Im Berliner Stadtbezirk Neukölln ist die Bevölkerungsdichte hoch, knapp 7 300 Menschen wohnen hier pro Quadratkilometer. Aber auch die bauliche Dichte ist enorm. Die Blockrandbebauung besitzt im Innern häufig eine zweite oder gar dritte Reihe, nicht selten mit vierseitig bebauten Höfen oder zumindest Werkstätten und Garagen. Eine solche Innenhof-Struktur haben Alacón Linde Architects (ALAS) zu einem zeitgemäßen Ensemble für Wohnen und Arbeiten umgebaut.

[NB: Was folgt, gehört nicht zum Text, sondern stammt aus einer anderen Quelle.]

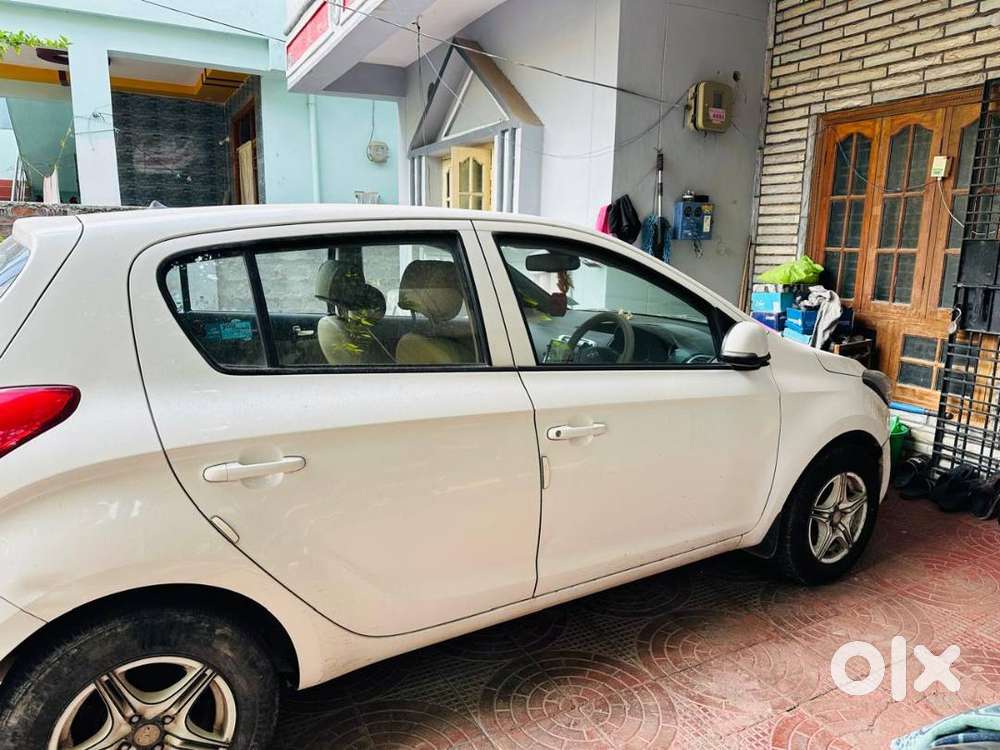 Hyundai I20 2013 Diesel Well Maintained And Excellent Condition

Die drei U-förmig angeordneten Volumina aus dem Jahr 1931, die zwischenzeitlich mehrere Umbauten und Umnutzungen erfahren haben, sind nun zu einem Dreiseitenhof mit autofreiem Patio samt Nussbaum als Gravitationspunkt umfunktioniert. Um den Bestandsschutz zu wahren und aus den einfachen Gebäuden bewohnbare Räume zu kreieren, verfolgten die Architekten die Taktik des kleinstmöglichen Eingriffs.

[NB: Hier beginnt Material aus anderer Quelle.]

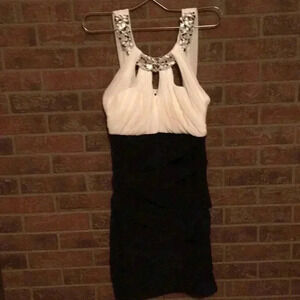 GUC DEB DESIGN WOMENS SZ SMALL EVENING FORMAL DRESS. BLACK CREAM TOP BEADED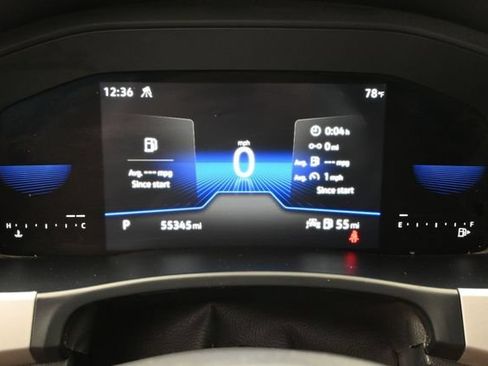 Used 2022 Volkswagen Atlas Cross Sport SE AWD/4WD image 38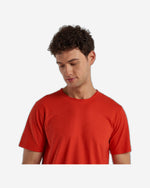 تي شيرت من القطن المرن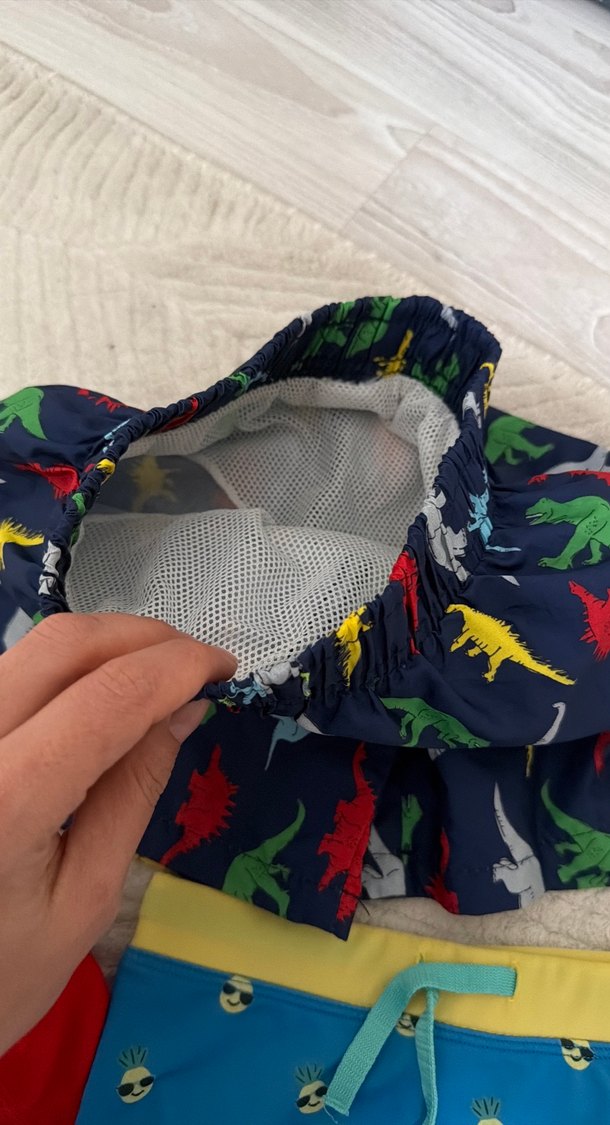 Renkli Baskılı Erkek Çocuk Mayo ve Şapka - Görsel 2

Dazu musste zunächst die teils schwache Bestandssubstanz partiell verstärkt werden, es galt also Wände auszusteifen, Fundamente zu ertüchtigen und Dächer zu erneuern. Um mehr natürliches Licht in die Innenräume scheinen zu lassen, wurden die Öffnungen vergrößert und großzügige Fensterbänke eingebaut, die als Sitzgelegenheit dienen können. Alle Fenster haben nun eine Dreifachverglasung. Sockel und Bodenplatte erhielten eine Perimeterdämmung, die Dächer Einblasdämmung oder Mineralwolle als Aufdachkonstruktion, die Außenwände eine 20 cm dicke Dämmschicht aus Holzfaserplatten. Als Bekleidung dient eine Kiefernholzschalung aus heimischen Wäldern, deren Oberfläche nach der japanischen Technik Shou Sugi Ban karbonisiert wurde, was sie beständig gegen die Witterung und Insekten macht. Im Innenraum sind historische Verweise erhalten, etwa einige Backsteinwände, die lediglich sandgestrahlt und versiegelt wurden, oder die Untersicht des Sheddachs, dessen Balken und Bretter lediglich weiß gestrichen wurden. Neue Einbauten, wie die Treppe zum OG aus unbehandeltem Stahl, zeigen sich in reduziertem Werkstatt-Charakter, ebenso der Boden, ein Industrieparkett aus Eiche. Die Bäder sind mit schwarzen Schieferfliesen versehen. »Wichtig war uns«, so Architekt Carlos Alarcón, »dass möglichst natürliche und recycelbare Materialien eingebaut werden.«
Geheizt wird das Ensemble über die städtische Fernwärmeleitung, die Übergabe an den Raum erfolgt über Radiatoren unter den Fensterbänken. Der Strom kommt aus dem öffentlichen Netz. Entstanden ist ein reizvolles und elegantes architektonisches Spiel aus Alt und Neu in Schwarz, Weiß und Holz.